I (foolishly) spent my first years at uni gleefully running out at the beginning of each year to spend my course-related costs on shoes. It was easy enough to justify - I couldn't exactly go barefoot to class in the middle of winter in Wellington, could I?
I started out in flats, then graduated to kitten heels (which I now despise, but that's a whole other column), before moving on to mid-heels when I started office work then finally ending up where I am now where a large portion of my shoe wardrobe consists of at least 10cm heels.
I subscribe to the Posh Spice School of Heels - as long as you can walk in them without looking like a demented duck, the higher the better.
Like many other women, I find my high heels empowering. I'm still not sure what it is but there's something magical about the transformative power of a great pair of heels.
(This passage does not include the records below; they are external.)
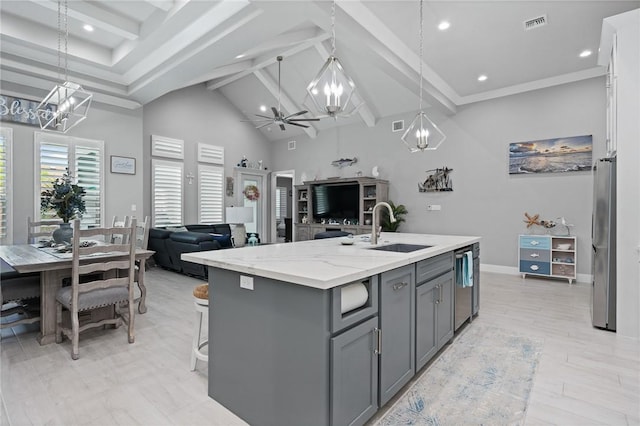 15509 Finistere St, Corpus Christi, TX 78418 - kitchen featuring high vaulted ceiling, gray cabinets, a sink, appliances with stainless steel finishes, and open floor plan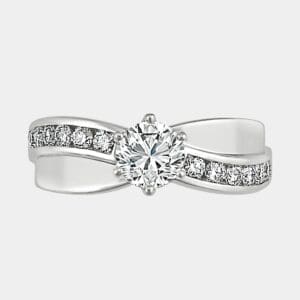 Round brilliant cut diamond engagement ring with wave of channel set diamonds.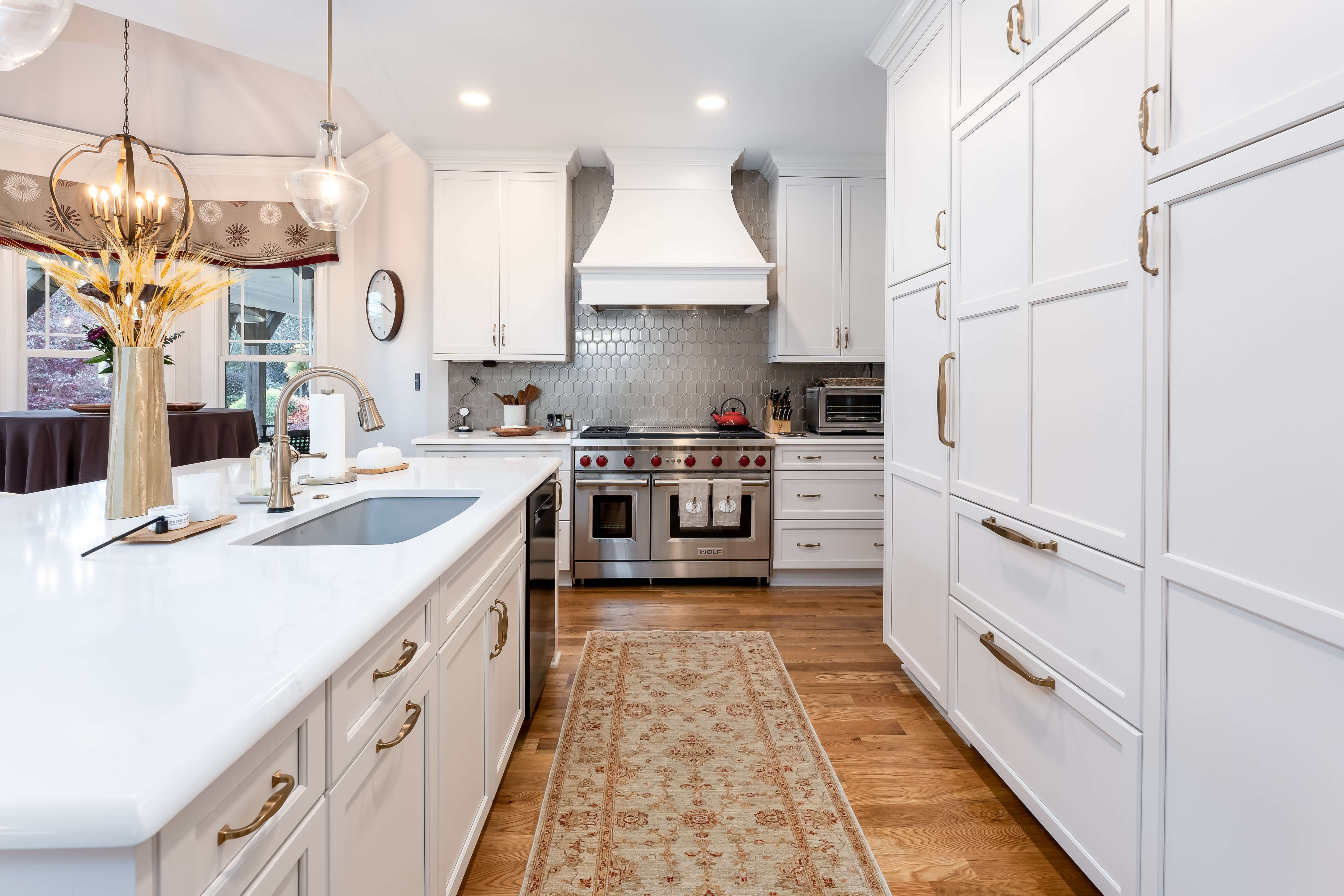 Classic white painted custom kitchen cabinets create a timeless, elegant design with detailed door styling and traditional cabinet hardware. Warm brass-toned pulls and knobs complement the bright cabinetry, while a large kitchen island anchors the welcoming gathering space.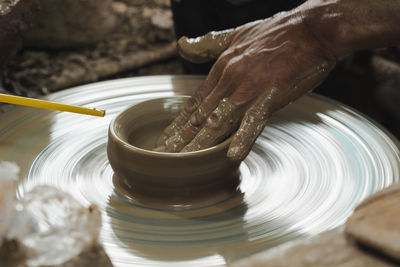 Cropped hand of man molding shape on pottery wheel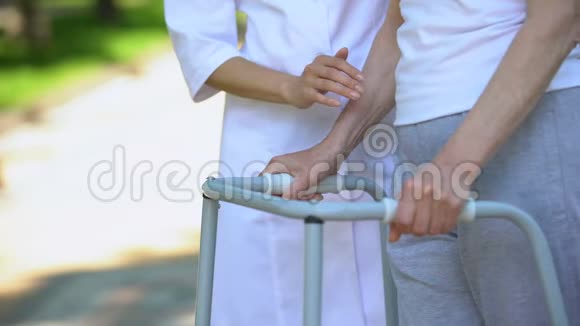 女护士支持残疾老太太户外步行架康复视频的预览图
The right heels make me feel more powerful, bolder and more bad-ass. It's like their ability to straighten my terrible hunched posture and tone my calf muscles somehow brings out the confidence I've always had but that sometimes disappears under the strain of everyday life. In my heels I walk taller, literally and figuratively.
Obviously this is nothing new. Beyonce often uses high heels as a way of describing an empowered modern woman in control of both her life and her finances. Bette Midler was once asked in an interview whether she has a passion for shoes. "I firmly believe that with the right footwear one can rule the world. Fortunately for the world, I have not found the correct footwear to achieve that goal. However, shoe stores across the nation can attest to my sincere and persistent efforts in that direction," she replied.
For years women have felt and used the power of high heels. But now an Australian shoe company is asking why that opportunity should be limited to only women, and have launched a collection of high heels for men. This month Solestruck launched Syro, a brand aiming to break "the oppression of male femininity [that] still continues to shame, exile and attack the freedom of self-expression". It's built on a community of men who want to embrace their feminine side without judgment, men who contacted Solestruck time and again asking for high heels in their sizes.
I think this is an absolutely awesome move and one bound to pay off for Solestruck, not just within the queer community.
Many great men have embraced high heels over the years - David Bowie and Prince spring to mind. I've said it before and I'll say it again - fashion is a fluid form of self-expression, one that should not be limited to gender or stereotypes or any other expectation society puts on us.
Fashion is freedom, to be whoever you want and say whatever you want through what you wear. For me, my heels are a key part of that freedom and expression. I love seeing others, regardless of gender, experience the same joy I get from a great pair of shoes.
If women can wear the pants and men can wear skirts, it's only fitting that everyone have the same opportunity to feel both the pain and flawlessness that a great high heel provides. After all, my brothers fished about in my mother's wardrobe, trying on her high heels, as much as I did.